Newcastle is surrounded by farms raising cattle, pigs, apples, grain, and corn. The town has a community hall, donated by the Massey family, one public high school (Clarke), two public elementary schools (Newcastle Public School and The Pines Senior Public School), one Catholic elementary school (St. Francis of Assisi), a post office, churches, a few plazas, several small parks, six restaurants, Tim Hortons, a recreation complex, an ice arena, a new fire hall, two grocery stores (Foodland and No Frills), professional offices, hardware stores, a marina on Lake Ontario, and a golf course (Newcastle Golf Course).

Post office

The first Post office was opened in Newcastle in 1845 with John Short serving as Postmaster. Since that time, Newcastle has had ten postmasters with Charles Gray being the last (in 1991). Following Gray's retirement, Canada Post closed the Post Office since it was deemed too small. Most rural route and suburban mail is now handled by the Bowmanville Canada Post.

Notable residents

Joseph E. Atkinson (December 23, 1865 – May 7, 1948) was a Canadian newspaper editor and activist. Under his leadership, the Toronto Star became one of the largest and most influential newspapers in Canada.
Charles Brent, Bishop of the Episcopal Church of the United States, born and raised in Newcastle in 1862.
 Chalk Circle, a 1980s rock band, was formed in the village. They had hits in Canada with songs like "April Fool," "Me, Myself and I," and "Sons and Daughters," a song about the negative effects of free trade with the United States.
 Susan Kane Doyle, Author of the Nationally Award Winning book, Cooking Wild Style, and long time cooking editor of Ontario Out of Doors, winner of the Pete McGillen Award also lives in the village.
 Louis G. Lalande (March 11, 1935 - February 23, 2022) was a retired pipefitter and community volunteer. In 1999, while manning a booth for the Knights of Columbus' annual charity raffle near a bank at a mall in Oshawa, he foiled a bank robbery by striking the assailant about the head and shoulders with a metal folding chair. The pistol the assailant was brandishing at the time turned out to be a starting pistol, but this was unknown to Lalande and the bank's occupants at the time. Lalande was subsequently awarded the Medal of Bravery, and the Carnegie Medal for Heroism.
Daniel Massey, whose farm implement business eventually formed Massey Ferguson.
 Tara Watchorn, member of Canada women's national ice hockey team who won a gold medal at 2014 Sochi Winter Olympics
 Samuel Wilmot was believed to live here. He had a great influence on the village, and became interested in the salmon in 1860 and built a "fish hatchery" at Newcastle - one of the world's first. Wilmot Creek, a neighbouring community, was named after him.

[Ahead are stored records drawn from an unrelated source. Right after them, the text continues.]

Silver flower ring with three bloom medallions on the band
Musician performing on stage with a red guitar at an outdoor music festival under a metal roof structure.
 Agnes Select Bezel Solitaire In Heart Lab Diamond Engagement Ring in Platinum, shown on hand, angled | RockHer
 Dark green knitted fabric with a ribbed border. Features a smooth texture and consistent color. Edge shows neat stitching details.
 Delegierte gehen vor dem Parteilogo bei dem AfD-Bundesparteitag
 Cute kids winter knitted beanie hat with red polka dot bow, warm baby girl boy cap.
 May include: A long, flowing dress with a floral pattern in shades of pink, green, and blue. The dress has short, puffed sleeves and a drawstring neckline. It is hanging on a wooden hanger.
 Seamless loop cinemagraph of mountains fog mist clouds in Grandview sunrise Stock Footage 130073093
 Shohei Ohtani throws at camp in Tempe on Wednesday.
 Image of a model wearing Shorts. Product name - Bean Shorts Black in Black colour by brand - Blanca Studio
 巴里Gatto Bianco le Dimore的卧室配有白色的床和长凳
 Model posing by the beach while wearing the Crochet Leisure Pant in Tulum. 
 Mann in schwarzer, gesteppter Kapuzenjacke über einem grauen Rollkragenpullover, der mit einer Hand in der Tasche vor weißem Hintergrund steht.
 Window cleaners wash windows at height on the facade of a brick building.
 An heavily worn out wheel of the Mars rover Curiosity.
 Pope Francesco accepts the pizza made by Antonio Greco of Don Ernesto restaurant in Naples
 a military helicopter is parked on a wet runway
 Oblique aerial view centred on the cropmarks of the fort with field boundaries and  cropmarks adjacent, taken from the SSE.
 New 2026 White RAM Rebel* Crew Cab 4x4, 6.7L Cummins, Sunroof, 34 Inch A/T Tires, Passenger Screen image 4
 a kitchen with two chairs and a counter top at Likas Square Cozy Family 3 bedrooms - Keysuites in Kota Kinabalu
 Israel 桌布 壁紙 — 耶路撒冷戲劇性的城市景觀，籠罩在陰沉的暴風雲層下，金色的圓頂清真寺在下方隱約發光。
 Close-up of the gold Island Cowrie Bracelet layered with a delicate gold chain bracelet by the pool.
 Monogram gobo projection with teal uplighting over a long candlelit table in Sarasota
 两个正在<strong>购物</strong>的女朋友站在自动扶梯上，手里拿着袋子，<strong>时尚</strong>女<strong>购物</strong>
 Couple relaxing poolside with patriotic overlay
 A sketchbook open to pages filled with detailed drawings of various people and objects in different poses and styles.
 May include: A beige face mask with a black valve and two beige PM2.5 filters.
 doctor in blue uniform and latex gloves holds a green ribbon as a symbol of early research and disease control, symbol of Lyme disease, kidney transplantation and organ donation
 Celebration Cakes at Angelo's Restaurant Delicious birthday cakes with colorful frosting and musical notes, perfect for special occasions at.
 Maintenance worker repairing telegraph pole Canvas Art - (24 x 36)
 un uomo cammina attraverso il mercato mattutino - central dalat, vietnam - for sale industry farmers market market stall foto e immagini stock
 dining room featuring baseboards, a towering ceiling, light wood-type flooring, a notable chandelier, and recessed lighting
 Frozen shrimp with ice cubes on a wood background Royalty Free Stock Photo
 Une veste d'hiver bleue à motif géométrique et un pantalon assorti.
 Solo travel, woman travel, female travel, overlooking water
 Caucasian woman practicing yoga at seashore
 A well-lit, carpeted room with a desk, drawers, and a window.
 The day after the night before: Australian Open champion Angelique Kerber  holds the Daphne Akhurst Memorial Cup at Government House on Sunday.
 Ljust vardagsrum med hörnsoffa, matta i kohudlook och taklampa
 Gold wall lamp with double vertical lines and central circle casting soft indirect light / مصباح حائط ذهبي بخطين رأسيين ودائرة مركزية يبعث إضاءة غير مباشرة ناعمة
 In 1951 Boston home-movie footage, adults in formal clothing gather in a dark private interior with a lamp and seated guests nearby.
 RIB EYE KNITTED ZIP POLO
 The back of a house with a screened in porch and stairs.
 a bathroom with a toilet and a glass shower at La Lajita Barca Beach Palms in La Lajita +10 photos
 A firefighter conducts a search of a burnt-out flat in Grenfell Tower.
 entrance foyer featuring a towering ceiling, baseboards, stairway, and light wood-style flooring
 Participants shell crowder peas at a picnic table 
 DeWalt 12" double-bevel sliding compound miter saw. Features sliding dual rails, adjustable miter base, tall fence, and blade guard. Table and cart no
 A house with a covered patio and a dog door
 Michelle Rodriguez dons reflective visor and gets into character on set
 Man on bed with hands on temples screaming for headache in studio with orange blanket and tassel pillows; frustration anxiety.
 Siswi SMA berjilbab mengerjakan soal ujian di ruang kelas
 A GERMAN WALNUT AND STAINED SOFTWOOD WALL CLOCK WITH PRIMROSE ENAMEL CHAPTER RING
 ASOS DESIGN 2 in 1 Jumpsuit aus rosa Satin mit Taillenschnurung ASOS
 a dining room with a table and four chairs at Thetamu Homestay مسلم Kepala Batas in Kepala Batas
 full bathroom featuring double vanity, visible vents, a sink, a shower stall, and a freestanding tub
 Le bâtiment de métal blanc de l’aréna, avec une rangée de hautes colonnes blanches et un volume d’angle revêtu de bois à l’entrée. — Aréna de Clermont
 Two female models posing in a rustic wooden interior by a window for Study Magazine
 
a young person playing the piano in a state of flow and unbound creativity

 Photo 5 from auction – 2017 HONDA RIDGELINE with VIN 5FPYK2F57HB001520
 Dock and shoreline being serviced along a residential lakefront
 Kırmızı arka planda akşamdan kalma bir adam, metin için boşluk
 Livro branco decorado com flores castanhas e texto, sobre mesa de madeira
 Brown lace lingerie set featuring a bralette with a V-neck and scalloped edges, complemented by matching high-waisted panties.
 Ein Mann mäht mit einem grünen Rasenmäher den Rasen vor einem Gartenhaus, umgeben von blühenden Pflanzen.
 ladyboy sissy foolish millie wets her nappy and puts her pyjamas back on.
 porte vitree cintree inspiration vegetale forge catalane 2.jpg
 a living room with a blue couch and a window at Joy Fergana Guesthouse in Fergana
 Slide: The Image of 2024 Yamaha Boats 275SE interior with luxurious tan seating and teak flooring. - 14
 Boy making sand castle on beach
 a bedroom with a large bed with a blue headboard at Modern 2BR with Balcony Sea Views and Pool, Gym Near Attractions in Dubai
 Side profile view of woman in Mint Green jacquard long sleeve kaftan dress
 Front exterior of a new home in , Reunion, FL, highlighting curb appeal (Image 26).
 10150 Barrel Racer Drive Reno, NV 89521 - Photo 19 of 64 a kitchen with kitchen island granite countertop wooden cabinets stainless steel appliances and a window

Town of Newcastle (1973–94)
The name "Town of Newcastle" was used from 1973–94 for the municipality now called the Municipality of Clarington. The name was changed in 1994 to alleviate longstanding confusion between the municipality as a whole and the community of the same name. The community was commonly known as "Newcastle Village" to distinguish the two. It was also a confusing fact that Bowmanville had a larger population than "Newcastle Village", and it also housed the former Town of Newcastle's municipal offices, causing some to believe the town should have been called "Bowmanville" instead of "Newcastle" during that period.

Popular attractions
Docville Wild West Park is a mock Wild West town that offers its use to filmmakers and other paid visitors.
 The Newcastle Santa Claus Parade held on a Sunday evening each November began in 2005.
Allin's Orchard & Country Market is an Apple farm which has been supplying produce since the early 1900s.
Algoma Orchards has moved from Whitby to Hwy 2,west of Newcastle in 2009. A large packing and storage facility was built and a retail store including a bakery is part of the large complex.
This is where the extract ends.